Para ela, a composição ideal é ter alguns vencimentos mais curtos, que trazem maior previsibilidade, e uma parcela nos mais longos, com maior volatilidade e que oferecem prêmio melhor, e nos dois casos com proteção contra a inflação. “As taxas podem até chegar a 7% se houver um estresse maior, não dá para descartar, mas 6% já embute bastante coisa ruim nos preços.”
Taxas altas por mais tempo
Com a aprovação da “PEC das Bondades” aumentando, entre outras medidas, o Auxílio Brasil para R$ 600 até o fim do ano, é muito provável que o novo valor do benefício se torne permanente porque vai ser difícil qualquer governo tirar isso, diz Marília Fontes, especialista de renda fixa e sócia da Nord Research. “Nessa toada, a dívida/PIB vai chegando perto de 90%. Uma coisa é ter uma relação de 100% pagando juros internacionais, outra coisa é pagar Selic a 14%, 15%… É um problema real, o país não tem como se financiar sem que a dívida se torne explosiva.”
Para a especialista, mesmo que o BC consiga encerrar o ciclo de aperto atual em agosto, as taxas vão permanecer altas por muito tempo. “Me preocupo muito com a trajetória fiscal, que reformas o país vai conseguir fazer, o mercado está anestesiado porque o fiscal recente foi melhor, mas foi artificial, não vai ter essa condição para frente.”
Cenário mundial incerto
Fontes também coloca na conta a cena externa. Se as pressões inflacionárias persistirem nos EUA, os juros de curto prazo podem ir muito além do que está refletido no mercado futuro. “É difícil imaginar que vá ter juros baixos no Brasil de novo. Uma coisa é o país ter 8%, 9% e o resto do mundo zero, outra coisa é as taxas americanas indo para 5%. Isso desvalorizaria muito o nosso câmbio.” E depreciação de moeda se traduz em mais inflação.
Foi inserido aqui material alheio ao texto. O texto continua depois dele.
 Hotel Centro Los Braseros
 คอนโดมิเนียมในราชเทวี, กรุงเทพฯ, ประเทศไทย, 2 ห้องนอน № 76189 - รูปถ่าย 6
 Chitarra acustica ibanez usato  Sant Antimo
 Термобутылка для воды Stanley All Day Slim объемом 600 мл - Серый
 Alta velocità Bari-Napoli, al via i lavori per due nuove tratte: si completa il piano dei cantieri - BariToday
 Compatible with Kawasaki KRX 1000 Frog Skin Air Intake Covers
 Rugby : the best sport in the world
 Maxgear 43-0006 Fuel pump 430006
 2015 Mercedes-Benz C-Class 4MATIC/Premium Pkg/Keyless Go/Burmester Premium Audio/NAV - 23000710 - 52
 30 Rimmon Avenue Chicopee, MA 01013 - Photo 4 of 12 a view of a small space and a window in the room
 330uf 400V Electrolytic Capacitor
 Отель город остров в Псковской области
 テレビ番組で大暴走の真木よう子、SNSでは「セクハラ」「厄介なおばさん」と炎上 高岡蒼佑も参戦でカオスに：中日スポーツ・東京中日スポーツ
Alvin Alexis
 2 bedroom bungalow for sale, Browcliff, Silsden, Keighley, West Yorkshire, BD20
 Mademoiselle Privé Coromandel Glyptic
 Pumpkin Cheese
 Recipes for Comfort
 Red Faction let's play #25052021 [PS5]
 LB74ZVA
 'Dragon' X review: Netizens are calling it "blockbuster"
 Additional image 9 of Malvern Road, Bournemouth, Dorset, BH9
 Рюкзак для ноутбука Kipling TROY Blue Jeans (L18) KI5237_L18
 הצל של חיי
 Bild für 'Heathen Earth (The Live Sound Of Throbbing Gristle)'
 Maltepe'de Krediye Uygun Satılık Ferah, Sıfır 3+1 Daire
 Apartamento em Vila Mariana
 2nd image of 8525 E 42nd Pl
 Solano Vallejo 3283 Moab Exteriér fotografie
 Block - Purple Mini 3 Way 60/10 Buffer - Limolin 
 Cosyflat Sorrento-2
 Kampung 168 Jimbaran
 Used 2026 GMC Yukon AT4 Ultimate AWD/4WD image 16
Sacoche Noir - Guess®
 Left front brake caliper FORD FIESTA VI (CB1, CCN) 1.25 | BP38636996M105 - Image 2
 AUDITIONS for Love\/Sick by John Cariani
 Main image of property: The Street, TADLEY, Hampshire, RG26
A sua impressão é que o patamar do custo do dinheiro mudou de forma mais estrutural, porque as taxas estão subindo e não há impacto na inflação, após as cifras trilionárias injetadas nas economias durante a pandemia. “Por isso, não gosto de alongar a minha carteira.”
Fontes acha que o momento é para se garantir em aplicações mais líquidas, atreladas à Selic ou ao CDI, com apenas uma fração em indexados ao IPCA, de até dois anos. Num fundo que tenha como referência o IMA-B 5, ela diz que o gestor sempre vai estar vendendo os ativos curtos e comprando os longos, conforme decorre o tempo. “Só trava juro real se tiver um vencimento definido, senão sempre sofre com a marcação.”
Grande defensor do IMA-B 5, Laurence Mello, gestor responsável pela estratégia de crédito privado da AZ Quest, diz que o indicador leva larga vantagem em relação ao CDI porque as reuniões do Comitê de Política Monetária (Copom), a cada 45 dias, estão sempre atrasadas em relação à inflação. “Quando se olha a janela ampliada, o BC fez o trabalho certo, mas as Bs [NTN-Bs] curtas absorvem os choques com mais precisão. Se você é um investidor de longo prazo e adiciona um pouco de volatilidade ao portfólio, consegue superar o CDI de forma substancial.” Já para as NTN-Bs com resgate acima de cinco anos, Mello afirma que isso não é verdade. “Tem relação com o prazo, o ‘duration’ tão longo que a surpresa inflacionária não é de tamanho suficiente para compensar a aplicação em juros errados.”